We may think creativity and grief wouldn’t normally go together, and yet, creativity and grief are very much related. Cath Duncan and Kara Jones join Charlie to talk about how grief and creativity are related, and why it’s important to do our grief and creativity our own way.
[3:34] - Cath introduces herself and how she moved from her previous work to grief work. She had her own experiences of grief and loss that changed her and taught her what was going to be important in her work, and that helped to guide her journey to her current work.
[6:08] - Kara shares her journey: she used to be an artist and a writer prior to the grief experiences that slammed her family. For her, the connections and work that came after the grief were really an organic experience. When finding reasons to get out of bed after loss, she made connections to her physical body that carried on, and her work as an artist. It was very personal, but eventually translated to connections with other people.
[9:06] - As we experience loss and death and grief, we can choose to destroy ourselves or we can choose to create. Charlie, Cath, and Kara discuss the historical connection between these concepts as well as Cath and Kara’s current work. Kara views it as sort of a continuum, where grief and creativity are ends of a spectrum, and there’s a lot of stuff happening in between. Cath suggests that we can’t have grieving without creativity.
[12:35] - Tentative definition of grieving: a social and creative meaning-making process. We all have meaning-making experiences, and we have to string them together in stories to make sense of what’s going on, how we respond, and who we are. This sort of sense of security is called the Assumptive World. A great loss can shatter this world, and grief is the process of looking at these shattered assumptions and doing a more deliberate review of priorities.
[16:15] - Cath and Kara discuss an expanded definition of creativity as it relates to grief. It goes beyond something analytical.
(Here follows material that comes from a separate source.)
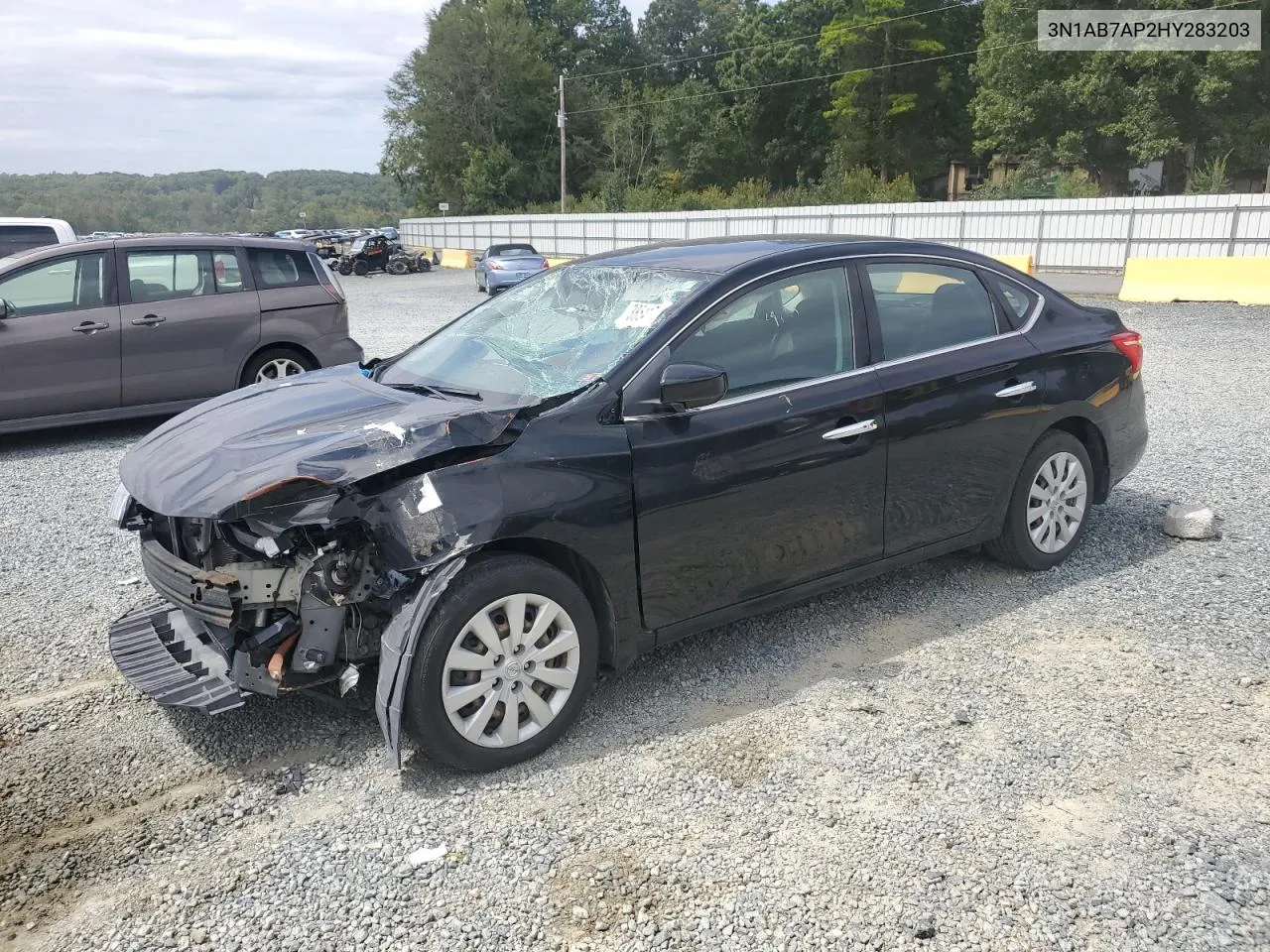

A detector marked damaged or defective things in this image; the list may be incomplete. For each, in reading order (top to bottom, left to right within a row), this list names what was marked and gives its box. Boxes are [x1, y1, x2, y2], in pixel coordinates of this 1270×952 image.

shattered windshield [377, 264, 714, 399]
cracked hood [121, 365, 528, 516]
wrecked black sedan [104, 234, 1143, 770]
missing front bumper [111, 603, 248, 714]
Kara talks about some of the other aspects of everyday life that can be affected by grief, and how different people react creatively.
[20:00] - “The Myth of the Hierarchy of Loss” - Cath talks about this idea of considering socio-cultural ideas of grief and loss to try to qualify or rationalize reactions to different losses. The basic idea of the myth of the hierarchy is that some losses are more important than others, some we don’t talk about, some that society stigmatizes, and where someone thinks they get slotted into the hierarchy (whether by themselves or by others) “tells” them how much they’re allowed to grieve, how they can express it, or how long they can express it.
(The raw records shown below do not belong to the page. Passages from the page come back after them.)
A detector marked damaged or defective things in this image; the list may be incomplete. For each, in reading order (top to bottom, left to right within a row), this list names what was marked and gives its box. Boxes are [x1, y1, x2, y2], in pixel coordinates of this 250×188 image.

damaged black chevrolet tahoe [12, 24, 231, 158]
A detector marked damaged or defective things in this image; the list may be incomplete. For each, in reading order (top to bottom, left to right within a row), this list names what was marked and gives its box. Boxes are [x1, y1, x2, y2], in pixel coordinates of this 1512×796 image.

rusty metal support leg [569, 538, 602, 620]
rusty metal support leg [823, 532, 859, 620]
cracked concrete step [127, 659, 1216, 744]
[23:05] In their class, Cath and Kara teach about the relationships between grieving and shame. Shame, or the idea that we’re faulty or unworthy of belonging, can weave its way into some of the answers that we are considering for our new meanings. They consider questions like where shame comes from, and what sustains shame. A lot of people have experiences that sit outside of the “normal” or “preferred,” and that’s alright.
[30:50] - This definition of creativity is not necessarily making art, but the rather the ability to envision something else. Any time we’re making something, we’re being creative. It’s not the form; it’s the process.
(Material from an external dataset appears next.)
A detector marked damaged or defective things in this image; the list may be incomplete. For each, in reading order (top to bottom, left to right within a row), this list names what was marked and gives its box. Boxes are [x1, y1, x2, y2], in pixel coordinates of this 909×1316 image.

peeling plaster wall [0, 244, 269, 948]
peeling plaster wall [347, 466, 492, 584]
[33:35] - Because we’re human, a lot of us carry around unprocessed grief. In society, we may not always feel like we have adequate time to cope with our grief. Charlie invites Kara and Cath to give an invitation for the listeners in these moments. Kara invites us to explore giving ourselves permission to do what we need to do. Related to that, Cath invites us to not explore grief. If you or someone you love is in denial, that can be okay. You don’t have to perform grief in the ways that others are requiring you to.
[40:05] - Cath discusses some of the genderization of grief with regards to the performance of grief. Along with this, it is important to remember that there’s not only one way to do it. This may be difficult in families where we want to all be experiencing our grief the same way. It is important for couples and families to recognize that people might be having very different experiences and ways of expressing themselves.